Single-user, 100 Mbps CBR, 90 FPS: Median latency $L$ ≈ 10–11 ms, FLR ≈ 0.1%.
Multi-user (up to 6 users): At 4 users, CU reaches 96–100%, FLR surpasses 1%, and median $L$ exceeds 33 ms (QoS threshold breached).
GOP vs. IR coding: IR reduces $\sigma_L$ (latency jitter) by ~30–40% at saturation compared to GOP, with only minor VMAF penalty.
Adaptive ABR (NeSt-VR): Maintains frame delivery ≈ 90 fps and VF-RTT ≈ 12 ms across dynamic bandwidth and mobility cases, scaling average bitrate to available capacity, and mitigating packet loss during transitions and interference.
Mobility and OBSS interference: NeSt-VR dynamically reduces target bitrate in response to increased RTT and capacity loss, preserving frame rate and avoiding stalling.

Table: Performance Metrics for ALVR at 90 FPS, 100 Mbps CBR

Users	Codec	CU (%)	FLR (%)	Median $L$ (ms)	$\sigma_L$ (ms)	QoS OK?
1	GOP90	24	0.1	10	4	Yes
4	IR	96	1.2	18	8	No
6	GOP90	92	3.8	80	40	No

This suggests that vanilla IEEE 802.11 channels suffice for only up to 4 concurrent 100 Mbps VR streams before excessive latency and loss, with IR coding extending stability marginally (Maura et al., 23 Jan 2026).

7. Limitations and Prospective Advancements

Current ALVR ABR implementations use static metric thresholds (e.g., $\rho$ , $\sigma$ ) tuned for general VR streaming, but dynamic thresholding may be required for different applications or environments (Casasnovas et al., 20 Feb 2025).
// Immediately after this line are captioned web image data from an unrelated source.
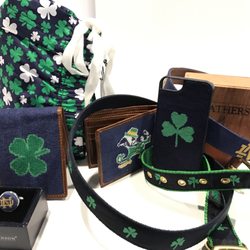 Village Tweed - St Patty's Day items from Vineyard Vines, Smathers & Branson and Leatherman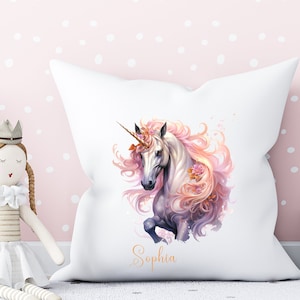 Bügelbild Einhorn optional mit Namen und Geburtstagszahl, Einhorn zum Aufbügeln, wunderschönes Fantasy Einhorn, Bügelbild Geburtstag Bild 4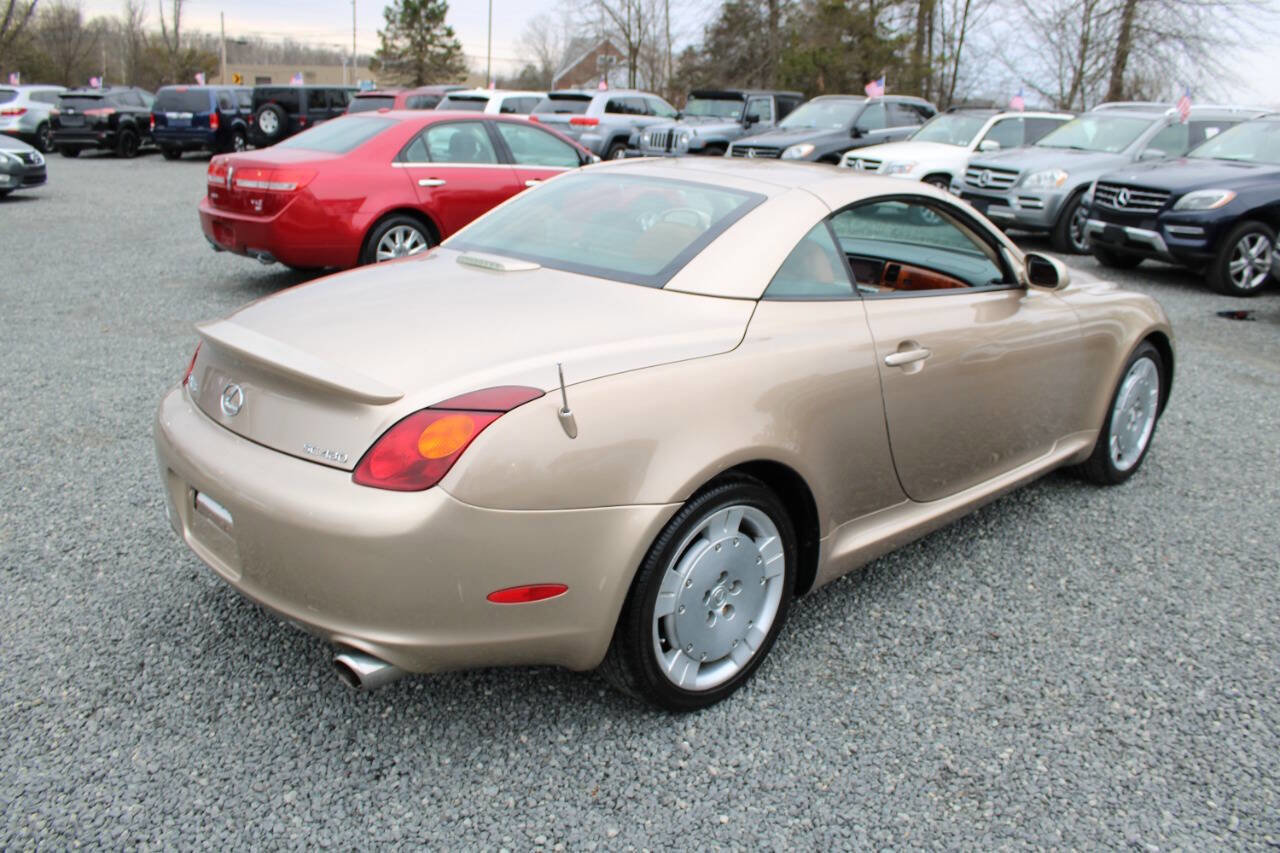 Used 2003 Lexus SC 430 Base 2dr Convertible image 6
Fairness between users is implicit; future developments could integrate explicit coordination or weighted ABR algorithms. Objective perceptual metrics (PSNR, SSIM, VMAF) are not currently factored into ABR logic but are suggested for future QoE-driven refinements.

Research directions involve leveraging upcoming Wi-Fi 7/8 feature sets (Multi-Link Operation, Multi-AP Coordination) to refine capacity estimation, integrating offline reinforcement learning for predictive adaptation, and exploring the impact of realistic network dynamics and interference.

All ALVR code, metrics, and NeSt-VR implementations remain publicly available for further development and reproducibility (Casasnovas et al., 20 Feb 2025).